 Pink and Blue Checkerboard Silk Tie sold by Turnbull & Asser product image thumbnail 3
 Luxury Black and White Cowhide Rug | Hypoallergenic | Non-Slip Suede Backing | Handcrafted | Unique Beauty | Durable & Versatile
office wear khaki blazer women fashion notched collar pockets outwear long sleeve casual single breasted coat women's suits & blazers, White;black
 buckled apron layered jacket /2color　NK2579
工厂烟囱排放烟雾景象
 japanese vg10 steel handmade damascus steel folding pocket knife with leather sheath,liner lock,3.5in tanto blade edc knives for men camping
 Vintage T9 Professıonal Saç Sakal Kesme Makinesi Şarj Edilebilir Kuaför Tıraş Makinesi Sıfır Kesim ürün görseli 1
***
_ACTIVITY_
Please write the data above out again, exactly the same.

_RESPONSE TO THIS EXERCISE_
 Pink and Blue Checkerboard Silk Tie sold by Turnbull & Asser product image thumbnail 3
 Luxury Black and White Cowhide Rug | Hypoallergenic | Non-Slip Suede Backing | Handcrafted | Unique Beauty | Durable & Versatile
office wear khaki blazer women fashion notched collar pockets outwear long sleeve casual single breasted coat women's suits & blazers, White;black
 buckled apron layered jacket /2color　NK2579
工厂烟囱排放烟雾景象
 japanese vg10 steel handmade damascus steel folding pocket knife with leather sheath,liner lock,3.5in tanto blade edc knives for men camping
 Vintage T9 Professıonal Saç Sakal Kesme Makinesi Şarj Edilebilir Kuaför Tıraş Makinesi Sıfır Kesim ürün görseli 1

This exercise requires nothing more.